Why NRIs Need a Demat Account to Invest in India
For Non-Resident Indians (NRIs), opening a demat account trading account is mandatory to invest in Indian equities. The trading account enables buying and selling of shares, while the Demat account safely holds those securities in electronic form. Under the Portfolio Investment Scheme (PIS) route, NRIs are allowed to invest by having both accounts connected with an authorised bank.
Benefits for NRIs include:
Simplified digital management of Indian investments
Permission to trade directly on recognised Indian Stock Exchanges
Convenient repatriation of funds, depending on the type of account
Secure Monitoring of Investments from Anywhere in the World
Learn more about the step-by-step process of stock trading in India for NRIs.
Types of Demat Account
Demat accounts are available in various categories to satisfy the different categories of investors:
Demat Account on a regular basis: It is provided to Indian resident investors.
Repatriable Demat Account: NRIs who prefer to invest in a scheme which gives them the choice to invest in a foreign account.
Non-Repatriable Demat Account: NRIs are those residents who wish to invest in India, but without a repatriation option
Having knowledge of the types of Demat account would enable investors to decide on the appropriate one in regard to their residence and financial objectives.
Review whether to link a Demat to an NRE or NRO account.
Benefits of Having Both Accounts
Maintaining both accounts is essential for anyone planning to invest actively.
Advantages include:
Streamlined online trading experience
Secure and paperless record-keeping
Easy tracking of portfolio and performance
Efficient transfer and settlement process
Integration with multiple investment products, such as ETFs and bonds
By linking both accounts, investors can manage all aspects of their portfolio through a single interface, making investing simpler and more transparent.
How to Open a Demat and Trading Account
Opening both accounts today is a fully digital process. Most banks and brokers offer a 3-in-1 account that links your savings, demat, and trading accounts seamlessly.
Step-by-Step Process:
Step 1: Visit a broker or a bank which has been certified by SEBI and offers demat and trade services.
Step 2: Fill in the Internet account opening form with your base details.
Step 3: upload documents, such as PAN card, address proof, identity proof and bank details.
Step 4: Finalise the KYC process through a video call or face-to-face validation.
Having checked, will be provided with demat and trading account details.
Conclusion
The demat account and trading account are essential in both cases in order to operate in the contemporary markets. The trading account helps in transacting, but the Demat account is a secure place where the securities that you hold are stored. Understanding the difference between Demat and trading account will help investors run their investments effectively and prevent a misunderstanding in their trading.
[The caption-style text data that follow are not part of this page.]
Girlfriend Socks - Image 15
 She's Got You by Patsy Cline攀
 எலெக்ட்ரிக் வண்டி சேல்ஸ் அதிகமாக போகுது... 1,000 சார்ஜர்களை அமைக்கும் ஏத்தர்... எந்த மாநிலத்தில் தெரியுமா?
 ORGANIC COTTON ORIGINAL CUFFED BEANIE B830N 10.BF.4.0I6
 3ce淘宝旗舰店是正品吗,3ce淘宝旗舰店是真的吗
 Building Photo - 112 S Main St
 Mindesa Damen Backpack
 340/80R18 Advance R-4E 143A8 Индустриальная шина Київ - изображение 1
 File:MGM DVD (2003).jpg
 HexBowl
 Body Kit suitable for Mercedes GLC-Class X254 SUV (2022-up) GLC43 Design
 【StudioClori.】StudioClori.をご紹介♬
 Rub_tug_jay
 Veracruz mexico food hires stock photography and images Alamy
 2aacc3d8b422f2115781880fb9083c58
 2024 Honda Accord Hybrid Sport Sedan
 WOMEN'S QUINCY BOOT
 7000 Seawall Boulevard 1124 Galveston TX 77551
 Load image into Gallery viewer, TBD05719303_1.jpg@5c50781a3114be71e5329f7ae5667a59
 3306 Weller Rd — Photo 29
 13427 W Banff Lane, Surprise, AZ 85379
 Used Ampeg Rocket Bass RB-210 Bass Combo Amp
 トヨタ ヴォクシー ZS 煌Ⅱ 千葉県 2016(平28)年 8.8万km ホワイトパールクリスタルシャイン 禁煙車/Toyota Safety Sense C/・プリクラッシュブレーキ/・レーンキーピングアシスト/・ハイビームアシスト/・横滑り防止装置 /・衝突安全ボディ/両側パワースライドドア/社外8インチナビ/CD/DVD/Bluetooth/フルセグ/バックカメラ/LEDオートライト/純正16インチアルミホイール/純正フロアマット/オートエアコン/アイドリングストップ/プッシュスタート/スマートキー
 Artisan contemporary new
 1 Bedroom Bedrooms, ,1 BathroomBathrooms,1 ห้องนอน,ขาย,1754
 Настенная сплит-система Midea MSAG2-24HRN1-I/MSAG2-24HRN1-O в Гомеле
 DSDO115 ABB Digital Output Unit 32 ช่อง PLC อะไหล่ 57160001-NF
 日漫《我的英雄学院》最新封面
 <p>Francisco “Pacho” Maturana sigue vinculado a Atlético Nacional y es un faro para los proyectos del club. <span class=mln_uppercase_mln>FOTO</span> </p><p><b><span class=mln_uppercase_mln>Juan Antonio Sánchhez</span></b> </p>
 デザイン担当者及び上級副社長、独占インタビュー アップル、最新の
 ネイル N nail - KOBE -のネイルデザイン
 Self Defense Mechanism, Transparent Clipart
Being aware of the working relationship between trading account vs Demat account would ensure easy buying, selling, and holding of the securities, while making sure you invest with confidence in the emerging capital markets of India.
Frequently Asked Questions
1. How is a Demat and a trading account different?
Demat is where a security is stored in electronic form, whereas a trading account is where a security is bought and sold in the stock market. There are two that are critical to smooth investing.
2. Is it possible to open a Demat account without a trading account?
Yes, it is possible to have a standalone Demat account to hold securities. But in order to actively buy and sell shares, you must also have a trading account to be associated with.
3. What are the various types of Demat accounts?
Demat accounts are of three kinds: Regular (residents), Repatriable (NRIs with fund transfer option) and Non-Repatriable (NRIs investing within India).
4. What are the functions of the Demat and trading accounts in a transaction?
When you purchase shares, the trading account does the trade and removes money from your bank account, with the purchased shares being added to your Demat account.